TASK DETAILS: Copy every entry exactly as given, minus the images.

LISTED RECORDS:

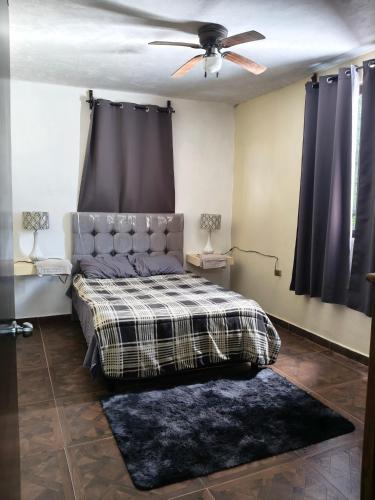 a bedroom with a bed and a ceiling fan at Finca Chapis in San Sebastian Xolalpa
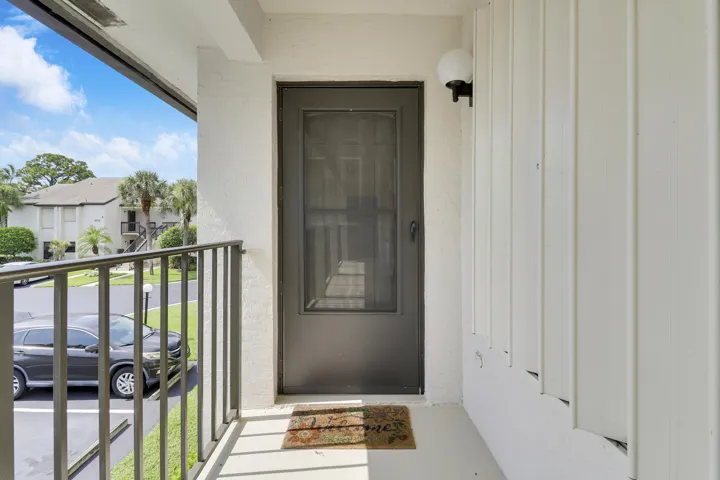 Front entry storm door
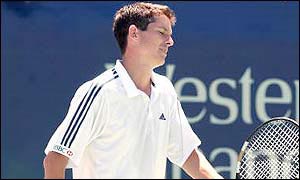 Tim Henman grimaces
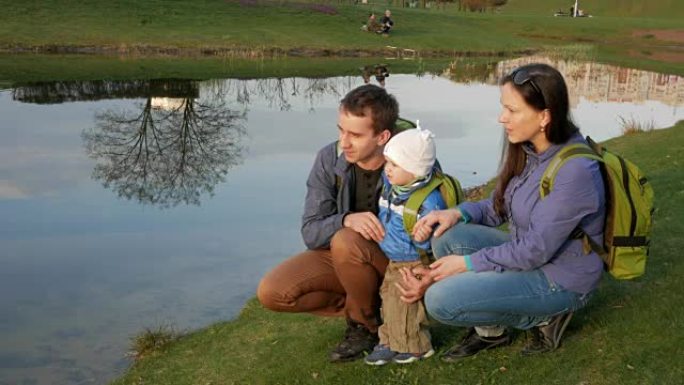 一个活跃的年轻家庭带着婴儿坐在公园的湖边，互相交谈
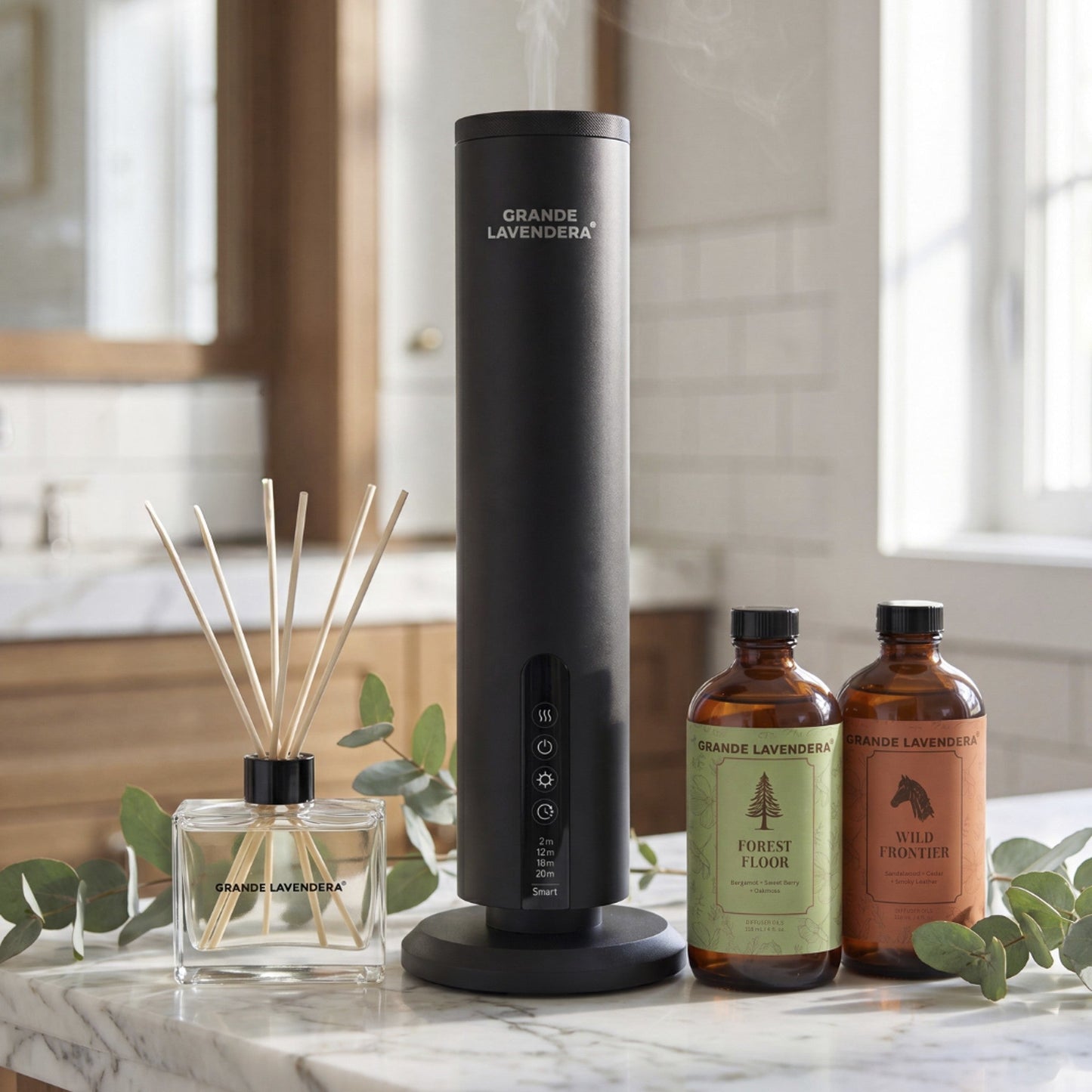 Grande Lavendera Ultimate Diffuser Bundle - smart waterless diffuser, reed diffuser, and Forest Floor and Wild Frontier diffuser oils on a marble counter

WRITTEN RESPONSE:
 a bedroom with a bed and a ceiling fan at Finca Chapis in San Sebastian Xolalpa
 Front entry storm door
 Tim Henman grimaces
 一个活跃的年轻家庭带着婴儿坐在公园的湖边，互相交谈
 Grande Lavendera Ultimate Diffuser Bundle - smart waterless diffuser, reed diffuser, and Forest Floor and Wild Frontier diffuser oils on a marble counter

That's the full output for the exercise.